In December, Trump tweeted that they stand to face a 35% tax. In recent weeks, he even threatened GM and Toyota, both of whom have large operations in Mexico.
The border tax that Trump was referring to could be one of two things: a tariff, or what Congressional Republicans want — a border adjustment tax (BAT). A tariff only affects imports. A BAT affects imports and exports.
However, experts say that it is highly unlikely that Trump can impose either tariffs or a BAT against specific companies.
“There’s nothing in the way that Congress wrote the various trade authorities that was intended to give the president power to go after a single company solely for producing abroad,” says Edward Alden, a trade expert at the Council on Foreign Relations.
The office of the U.S. Trade Representative, which is in charge of negotiating trade deals, told CNNMoney in December that it did not know of a case of a tariff being applied specifically to a U.S. company. However, tariffs have been applied to foreign companies associated with U.S. firms to varying degrees.
Overall, Trump’s intention is to save U.S. jobs. But when America has used tariffs before, the result has been mixed — they save some U.S. jobs but cost others. Tariffs almost always raise prices on products for ordinary Americans.
Experts across the spectrum say if tariffs are applied on Mexico, it could retaliate against America by taxing U.S. goods shipped south of the border. That would be the beginning of a trade war.
The border adjustment tax can’t be applied to specific companies either.
“It is not company-specific in any way, it would be imposed across the board,” says Robert Scott, a trade expert at the Economic Policy Institute.

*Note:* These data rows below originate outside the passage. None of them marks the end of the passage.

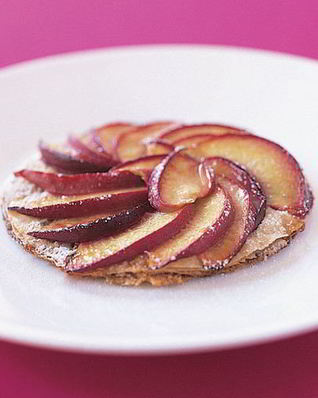 Миндальные тарталетки с нектаринами в карамели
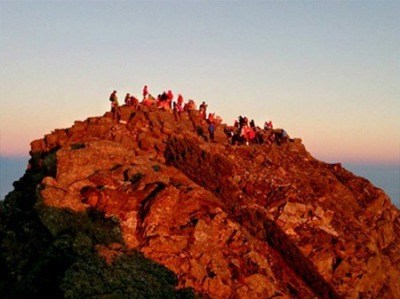 玉山主峰登山活動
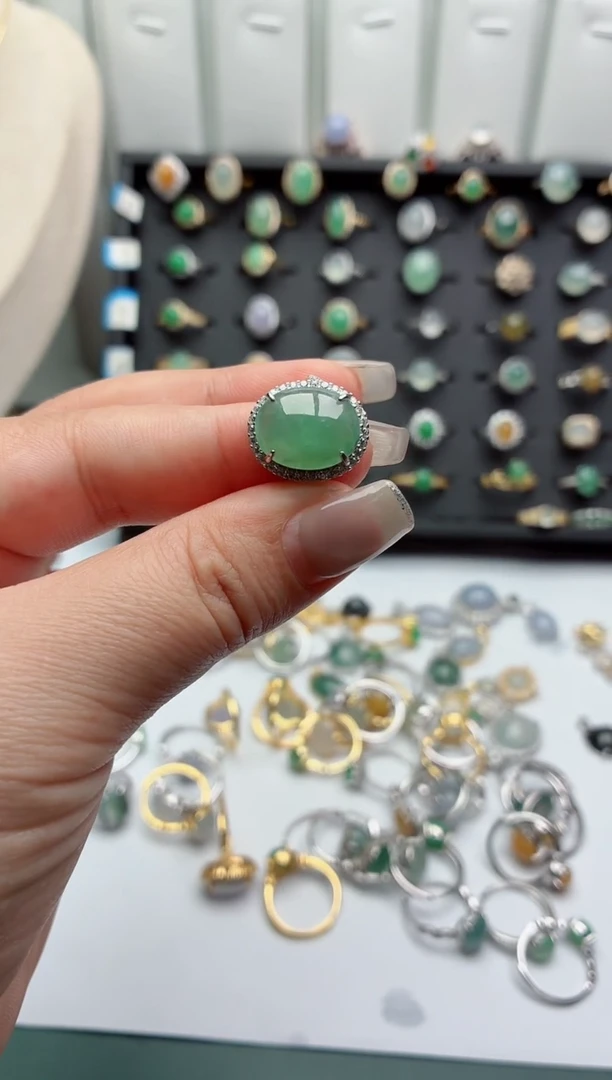 银S925镶嵌戒指翡翠.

In theory, here’s how a border adjustment tax works: It gives tax breaks to U.S. businesses that ship goods to other countries, and it takes away tax breaks from companies that bring in products from abroad.
The idea is to discourage companies from putting jobs and operations overseas solely for tax reasons. Such a move usually results in making imports more expensive and exports cheaper.

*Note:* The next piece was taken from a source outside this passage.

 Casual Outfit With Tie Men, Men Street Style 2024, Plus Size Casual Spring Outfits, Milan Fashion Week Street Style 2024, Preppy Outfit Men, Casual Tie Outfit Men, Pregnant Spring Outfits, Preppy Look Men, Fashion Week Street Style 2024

But there’s a catch. Supporters of a BAT say it will work if the dollar significantly rises in value in order to make sure Americans don’t have to pay more for goods brought into the United States.
Proponents say the BAT will increase the dollar’s value because, among other factors, U.S. exports would be cheaper and more attractive to foreign buyers. Higher demand for U.S. goods helps drive up the dollar’s value.
However, skeptics say the cookie won’t crumble that way.
Some experts estimate the dollar would have to rise as much as 20% for the BAT to be effective and not make Americans pay more for food, clothes and TVs.
Many don’t believe the BAT will make the dollar jump that much because the greenback is influenced by lots of global factors, not just U.S. tax reform.
“My view is that while the dollar should appreciate further if the BAT is approved, it will not appreciate enough so as to keep the prices of imported goods from rising,” says Carlos Peyrelongue, a Bank of America research analyst based in Mexico.
It is important to note that Trump has wide-ranging power to use tariffs against other countries without asking for approval from Congress. But under current laws, he can’t impose a “major border tax” on specific companies.